Nowa niemiecka ustawa imigracyjna dotycząca wykwalifikowanych pracowników została przyjęta przez niemiecką organizację ds. wymiany akademickiej DAAD z zadowoleniem. Jednak organizacja wskazuje również, że należy zrobić więcej, aby wesprzeć studentów z zagranicy, z których wielu chętnie zostaje w Niemczech po ukończeniu studiów.

Ustawa wchodzi w życie w marcu i dotyczy osób z krajów spoza Unii Europejskiej, które mają wykształcenie zawodowe lub akademickie i chcą na stałe pracować w Niemczech. - Jest całkiem oczywiste, że niemiecki przemysł, a także szkolnictwo wyższe i badania naukowe potrzebują osób, posiadających kwalifikacje akademickie i zawodowe, z krajów spoza Unii Europejskiej - powiedział prezes DAAD, Joybrato Mukherjee. - Musimy jednak pamiętać, że potrzebujemy specjalistów z wyższym wykształceniem takich jak lekarze, specjaliści IT lub inżynierowie.

Mukherjee uważa, że aspekt ten wymaga szczególnej uwagi ze strony rządu federalnego, który powinien na przykład wypracować środki mające na celu zmniejszenie dużej liczby osób przedwcześnie kończących naukę i ułatwienie wejścia do zawodu we współpracy z instytucjami rządowymi i organizacjami finansującymi edukację. Podkreślił również, że ​​około dwie trzecie międzynarodowych absolwentów rozważa możliwość pozostania i kontynuowania kariery w Niemczech.
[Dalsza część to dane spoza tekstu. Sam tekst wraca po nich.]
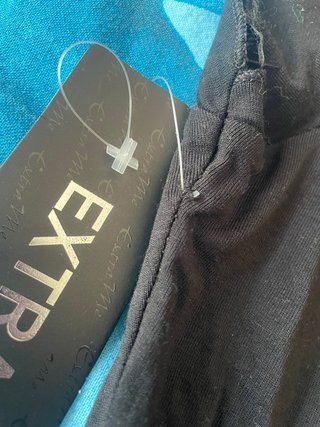 Camiseta Disco EXTRA ME Negra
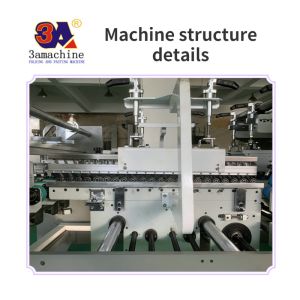 MAXIMUM PAPER WIDTH 1 1300mm Production of Single-Sided Boxes Gluing Machine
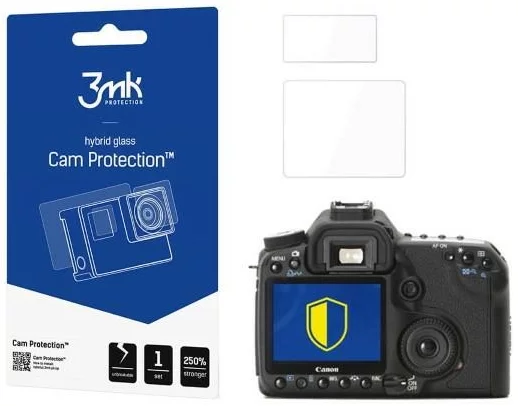 Ochranné sklo 3MK CamProtect Canon EOS 50D Hybrid Glass (5901571178523)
Podczas gdy Niemcy stają się coraz bardziej atrakcyjne dla studentów zagranicznych (100 000 nowych zapisów na studia każdego roku), wysoki odsetek osób w tej grupie przedwcześnie kończy naukę. Według Niemieckiego Centrum Badań Szkolnictwa Wyższego i Studiów Naukowych około 45% obcokrajowców na kierunkach licencjackich oraz 29% na kierunkach magisterskich rezygnuje ze studiów (niemieccy studenci odpowiednio 28% i 19%).